Functional Variational Bayesian Neural Networks
Shengyang Sun, Guodong Zhang, Jiaxin Shi, Roger Grosse
TL;DR
This work reframes Bayesian neural networks as function-space models by placing priors directly over functions and optimizing a functional ELBO (fELBO). A key theoretical result shows the KL divergence between stochastic processes equals the supremum of marginal KLs over finite input sets, enabling practical training via finite measurement sets and the Spectral Stein Gradient Estimator (SSGE) for implicit priors. The authors develop adversarial and sampling-based fVI approaches and demonstrate that fBNNs with structured priors (including Gaussian processes and implicit processes) extrapolate well, provide reliable uncertainty estimates, and scale to large datasets. Empirically, fBNNs outperform weight-space VI baselines on regression benchmarks and excel in contextual bandits and Bayesian optimization, highlighting the benefits of function-space variational inference for uncertainty-aware learning.

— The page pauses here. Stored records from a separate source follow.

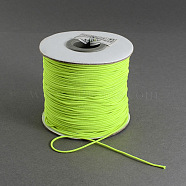 Round Elastic Cord, with Nylon Outside and Rubber Inside, Green Yellow, 0.8mm, about 109.36 yards(100m)/roll(EC-R001-0.8mm-020A)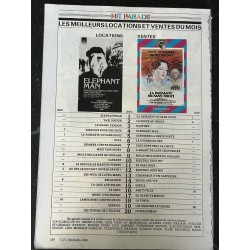 TELE CINE VIDEO 24 décembre 1982 Mary Poppins Special Japon Marlène JObert Francis Huster Elie Chouraqui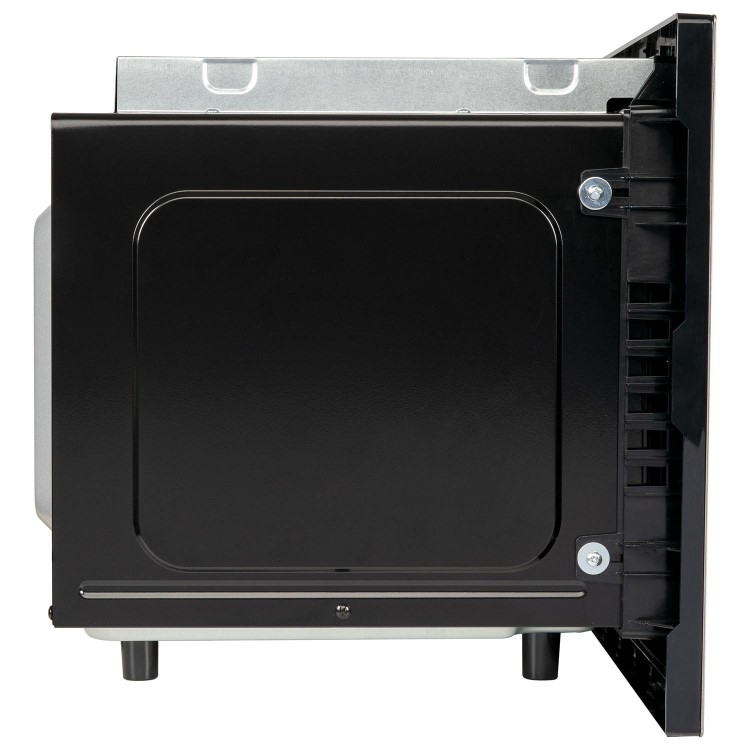electriQ Built-In Microwave - Stainless Steel with Mirror Door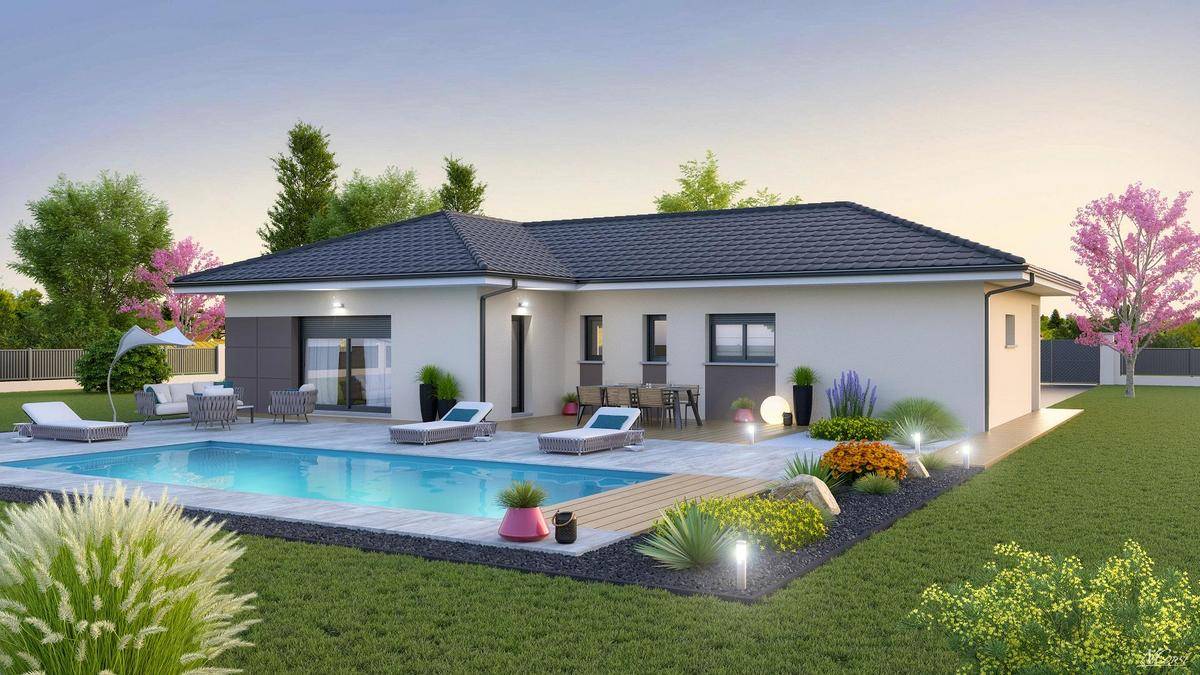 Programme terrain + maison à Faverges-Seythenex en Haute-Savoie (74) de 90 m² à vendre au prix de 433336€ - 1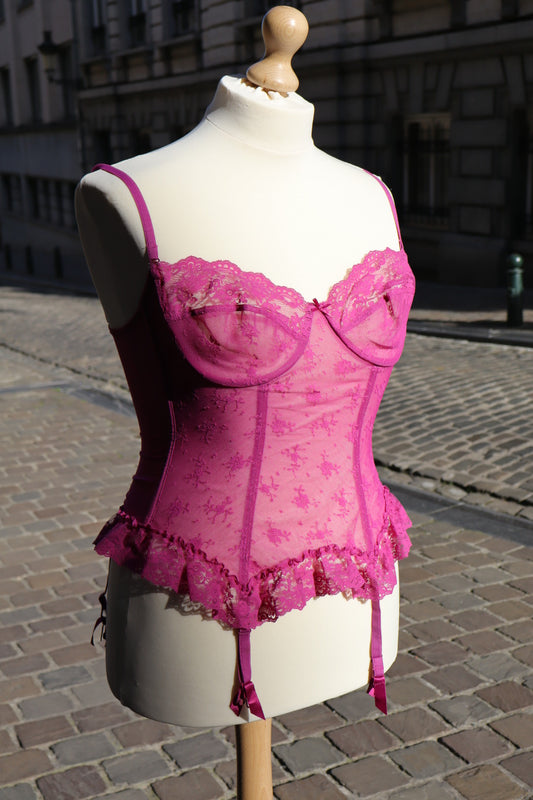 1970’s fushia bustier size XL (eu95C / FR110C)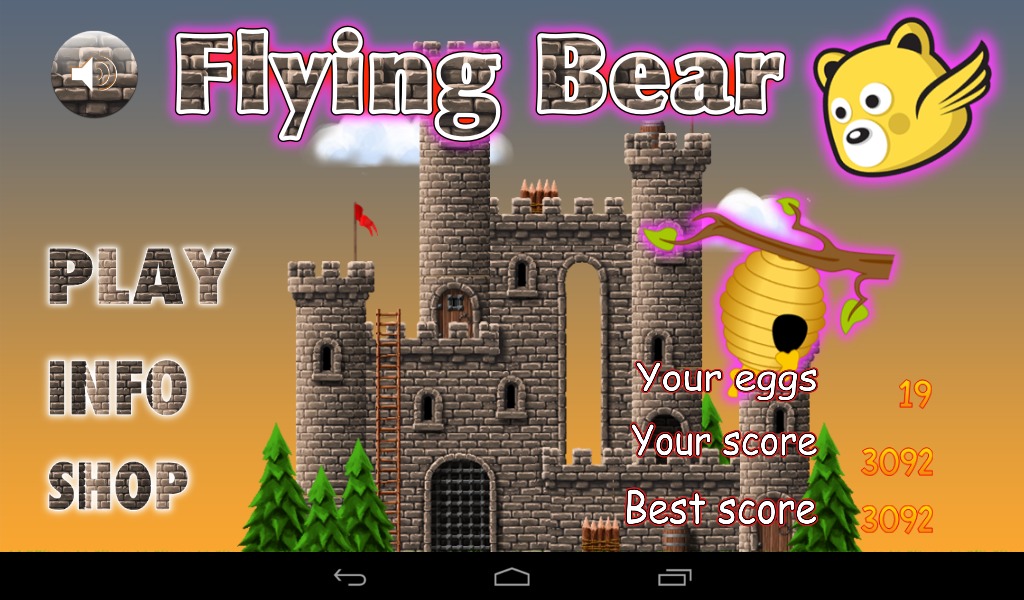 Honey Battle Flying Bear Game截图1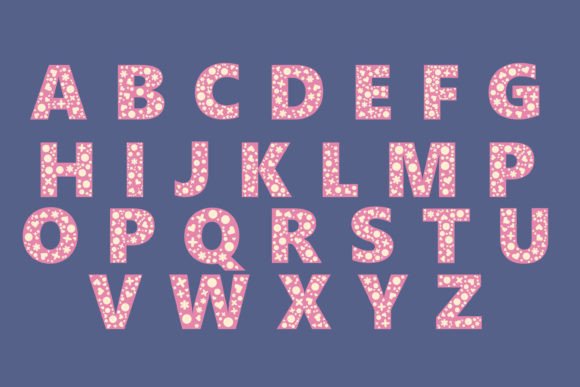 Heartfelt Blooms Font preview 2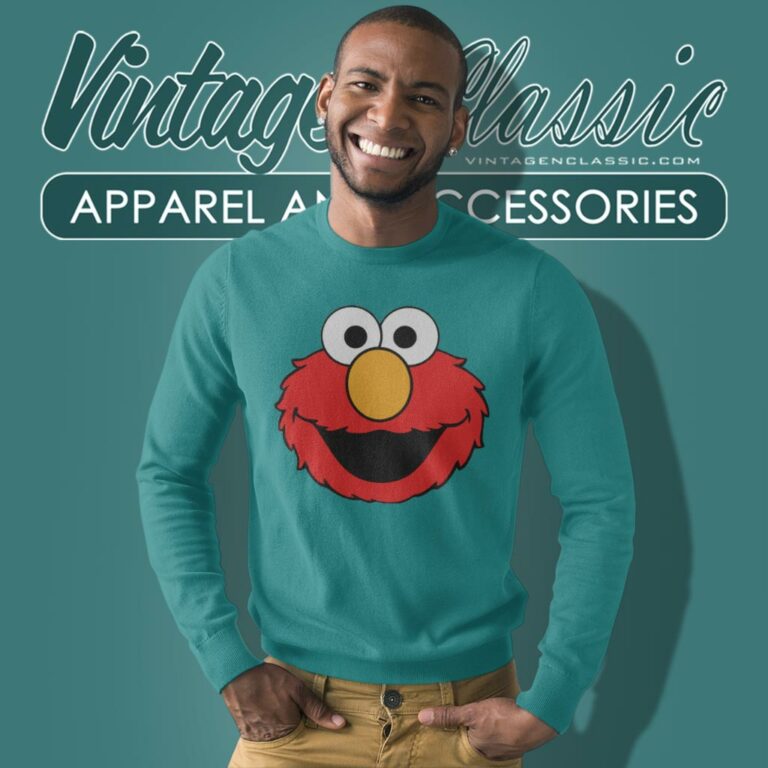 Sesame Street Elmo Head Sweatshirt Sesame Street Elmo Head Sweatshirt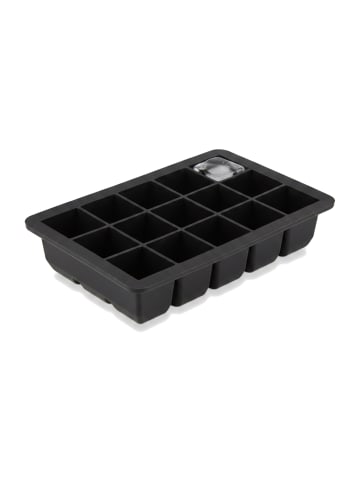 relaxdays 2 x Eiswürfelform in Schwarz - (B)15x (H)3 x (T)9,5 cm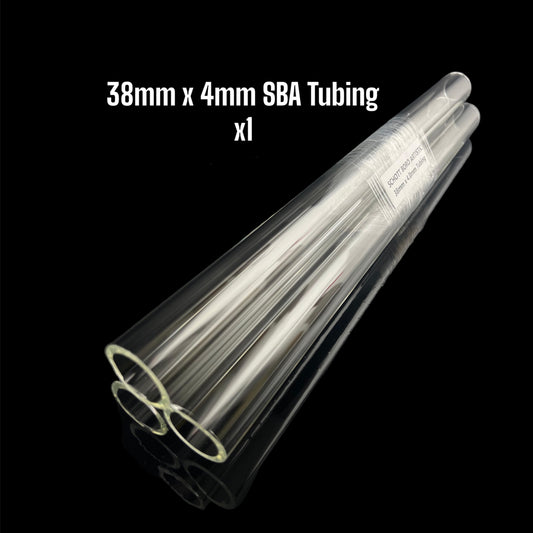 38mm x 4mm Clear Tubing - Schott Boro Artistic - COE 33 - 1pc.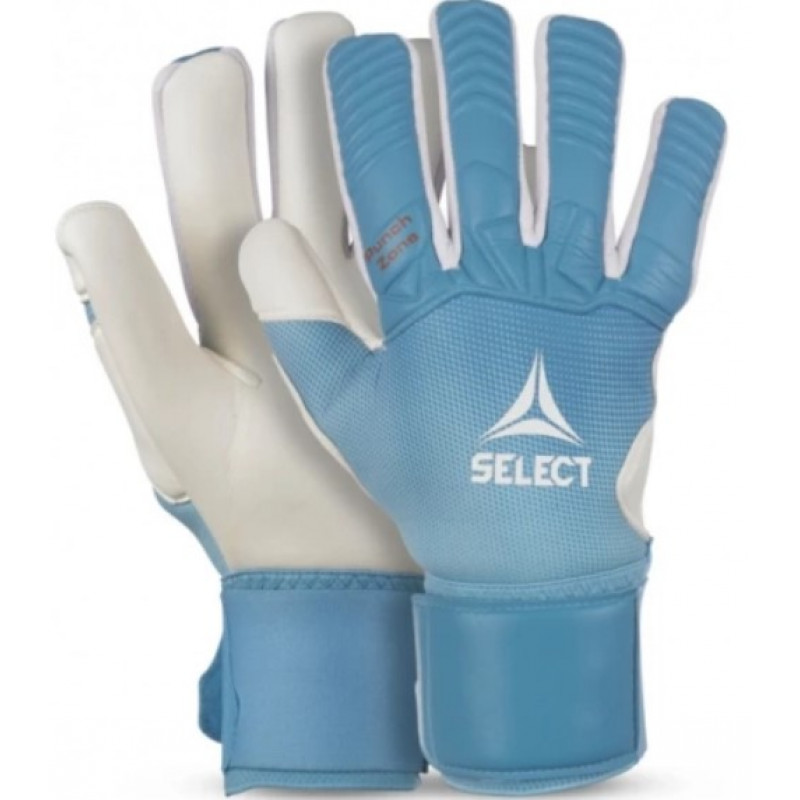 Перчатки вратарские Select Goalkeeper Gloves 33 Allround синий, белый Уни 601331-410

Overall, this work offers a principled and scalable framework for incorporating rich functional priors into neural models for improved extrapolation and decision-making under uncertainty.
Abstract
Variational Bayesian neural networks (BNNs) perform variational inference over weights, but it is difficult to specify meaningful priors and approximate posteriors in a high-dimensional weight space. We introduce functional variational Bayesian neural networks (fBNNs), which maximize an Evidence Lower BOund (ELBO) defined directly on stochastic processes, i.e. distributions over functions. We prove that the KL divergence between stochastic processes equals the supremum of marginal KL divergences over all finite sets of inputs. Based on this, we introduce a practical training objective which approximates the functional ELBO using finite measurement sets and the spectral Stein gradient estimator. With fBNNs, we can specify priors entailing rich structures, including Gaussian processes and implicit stochastic processes. Empirically, we find fBNNs extrapolate well using various structured priors, provide reliable uncertainty estimates, and scale to large datasets.